PROMPT
Your task is to transcribe, word for word, the line containing "2015 DODGE DART" and all lines that follow it to the end of the entries. Leave out the pictures.

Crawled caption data
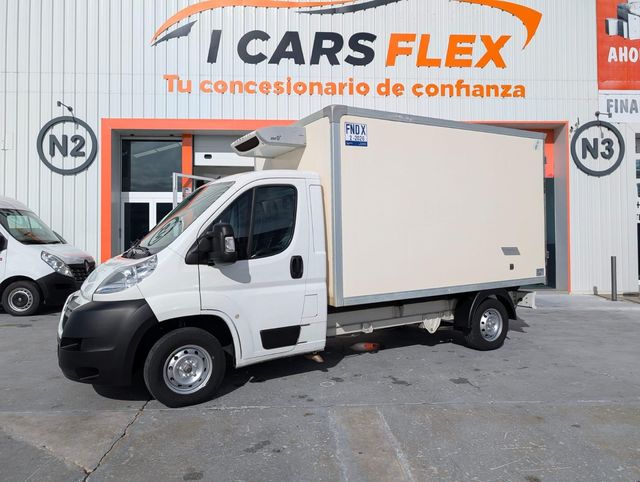 CITROËN Jumper 35 L2S HDi 120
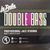 La Bella Double Bass White Nylon Tape Strings 3/4 Scale package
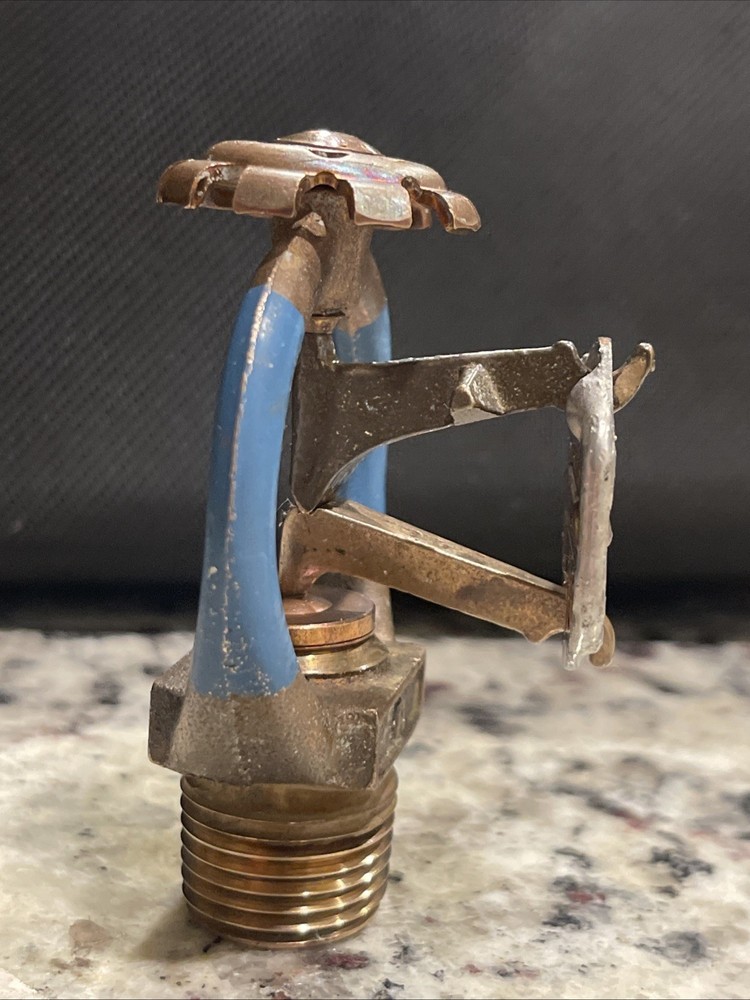 1950 Central Fire Sprinkler 280 Degree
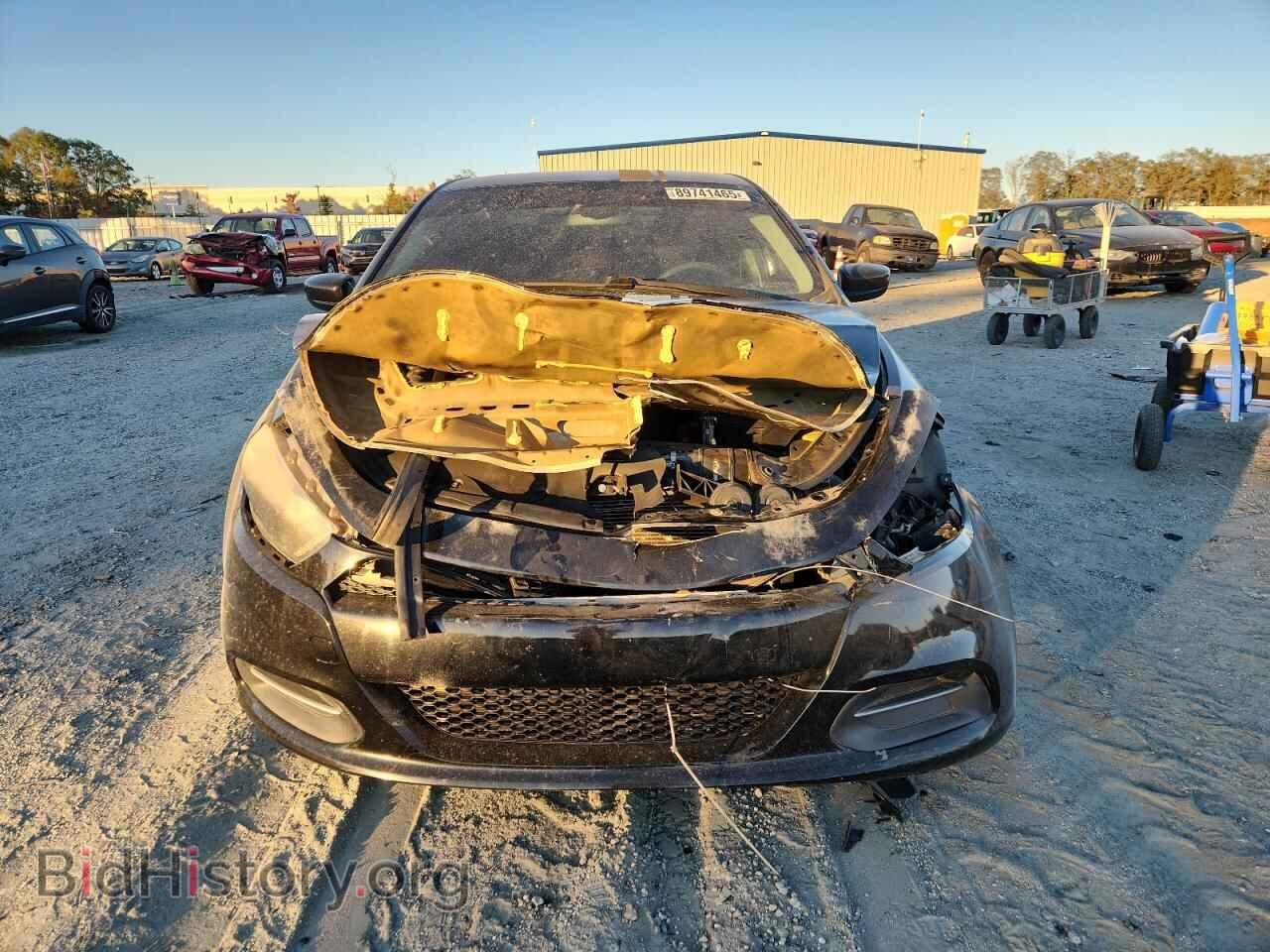 2015 DODGE DART - VIN: 1C3CDFAA3FD390934 - Фото 5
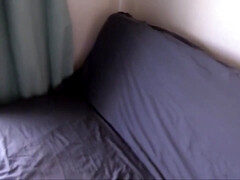 デカチン, デカパイ, フェラチオ, 中出し, フェティッシュ, ハードコア, 下着, 乳首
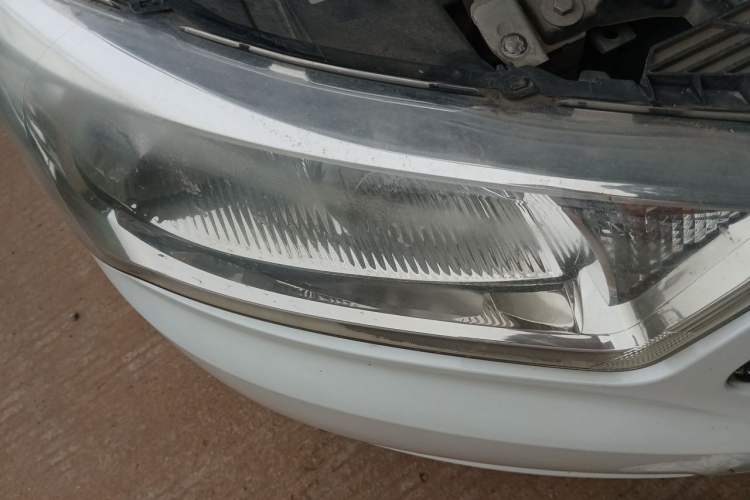 Used Citroen C-Quatre 2013 Sedan 1.6L Manual - Prestige Model Right Front Headlight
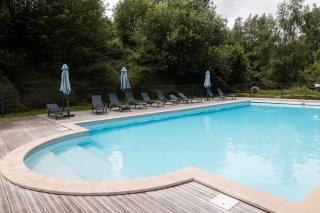Domaine Guillaume Chalet 8pers - 8
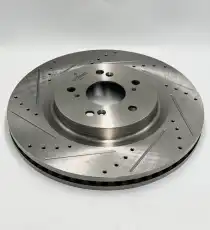 Тормозной диск SENFINECO DD 6031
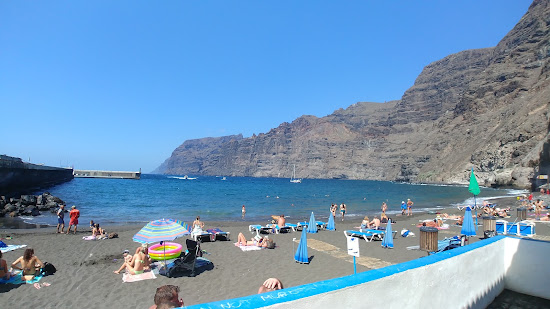 Playa de los Gigantes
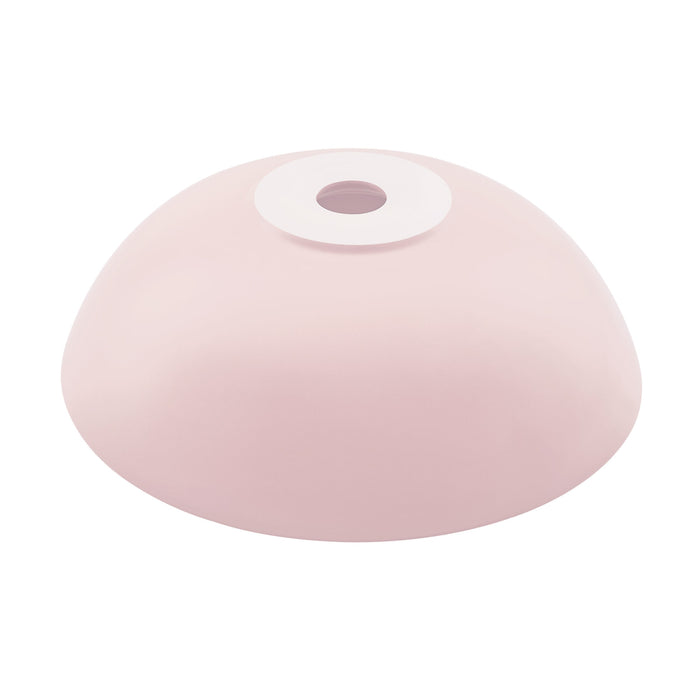 Swiss Madison Classe 16 Color Ceramic Sink in Matte Pink - SM-VS244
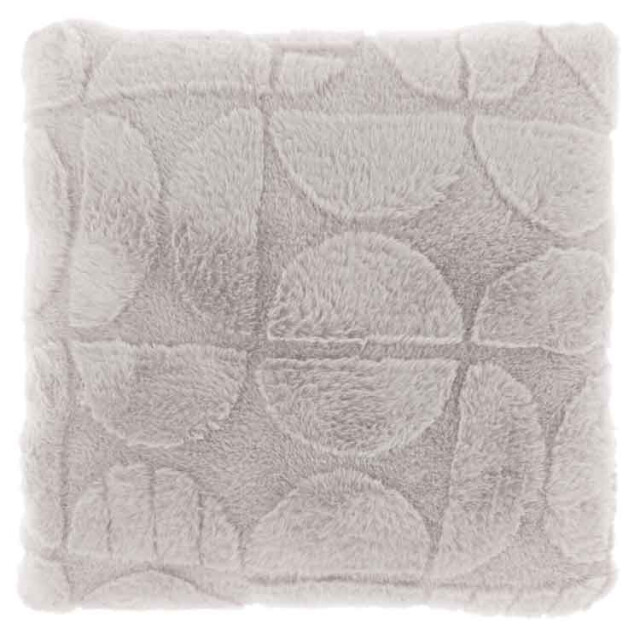 Unique Living sierkussen milan chateau grey -45x45cm 2995640 large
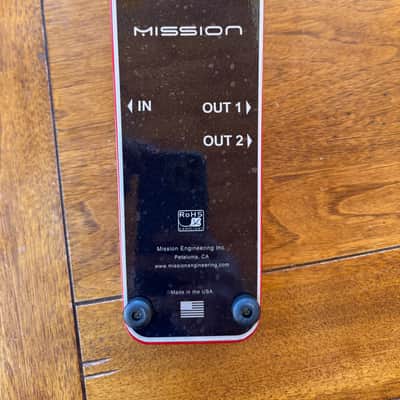Mission Engineering  VM-1 passive Volume Pedal image 3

OUTPUT OF THE TASK
 2015 DODGE DART - VIN: 1C3CDFAA3FD390934 - Фото 5
 デカチン, デカパイ, フェラチオ, 中出し, フェティッシュ, ハードコア, 下着, 乳首
 Used Citroen C-Quatre 2013 Sedan 1.6L Manual - Prestige Model Right Front Headlight
Domaine Guillaume Chalet 8pers - 8
 Тормозной диск SENFINECO DD 6031
 Playa de los Gigantes
 Swiss Madison Classe 16 Color Ceramic Sink in Matte Pink - SM-VS244
 Unique Living sierkussen milan chateau grey -45x45cm 2995640 large
Mission Engineering  VM-1 passive Volume Pedal image 3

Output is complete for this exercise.